** WORK TO BE COMPLETED **
Output the entries as they appear, skipping images.

STUDY MATERIAL section start

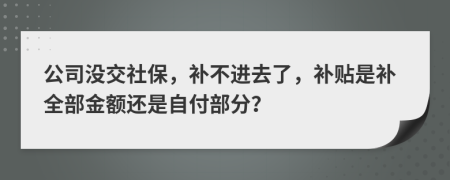 公司沒交社保，補不進去了，補貼是補全部金額還是自付部分？
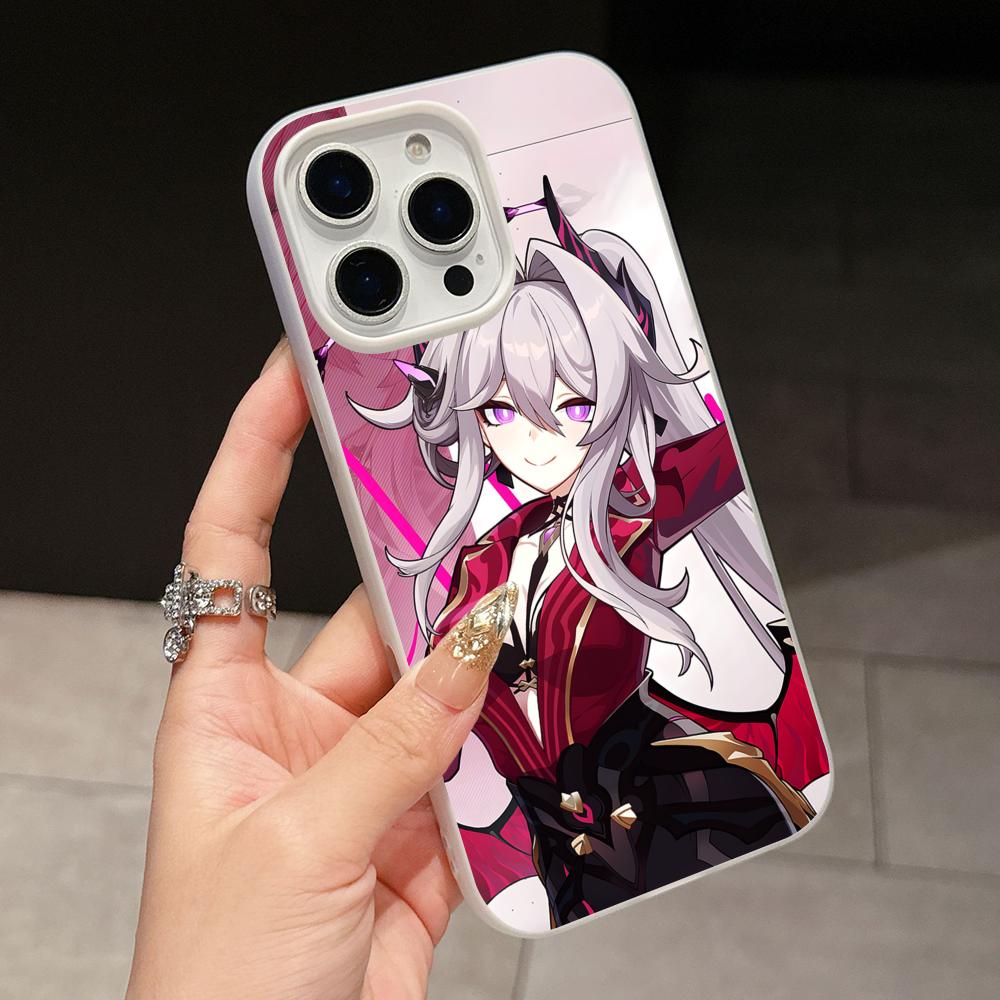HSR Thelema Jelly Double layer White Mobile Phone Case for iPhone 17 16 15 14 13 12 11 Air Pro Max Plus Protective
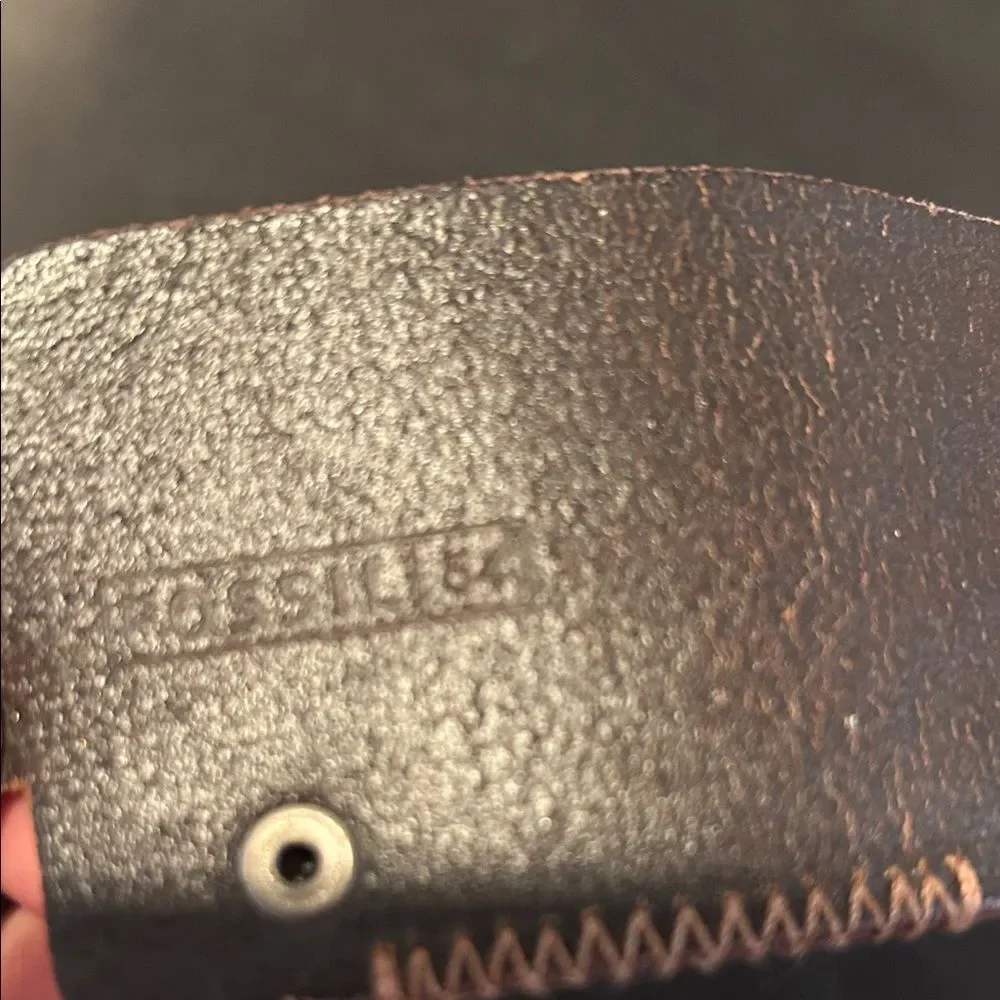 Fossil 54 Cuff Bracelet Mens Jewelry Unisex Brown Leather Rugged Distressed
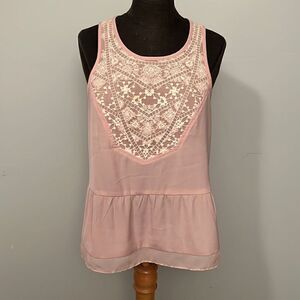 American Eagle Outfitters Pink Lace Front Sheer Tank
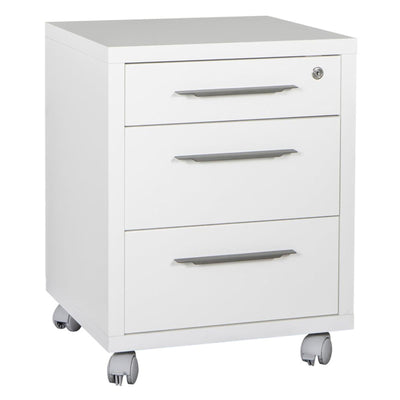 CASSETTIERA DA UFFICIO 3 CASSETTI PER SCRIVANIA BIANCO LACCATO CON CHIAVE E RUOTE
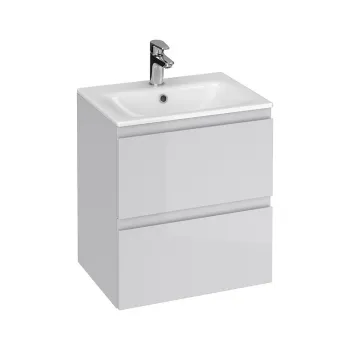 Set dulap baie suspendat 2 sertare cu lavoar Cersanit Moduo-in, 50 cm, gri imagine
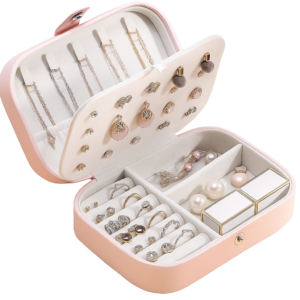 Portable Travel Jewellery Box – Pink PU Leather Organizer for Rings, Necklaces & Earrings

STUDY MATERIAL section end

** TASK SOLUTION **
 公司沒交社保，補不進去了，補貼是補全部金額還是自付部分？
HSR Thelema Jelly Double layer White Mobile Phone Case for iPhone 17 16 15 14 13 12 11 Air Pro Max Plus Protective
 Fossil 54 Cuff Bracelet Mens Jewelry Unisex Brown Leather Rugged Distressed
 American Eagle Outfitters Pink Lace Front Sheer Tank
 CASSETTIERA DA UFFICIO 3 CASSETTI PER SCRIVANIA BIANCO LACCATO CON CHIAVE E RUOTE
 Set dulap baie suspendat 2 sertare cu lavoar Cersanit Moduo-in, 50 cm, gri imagine
 Portable Travel Jewellery Box – Pink PU Leather Organizer for Rings, Necklaces & Earrings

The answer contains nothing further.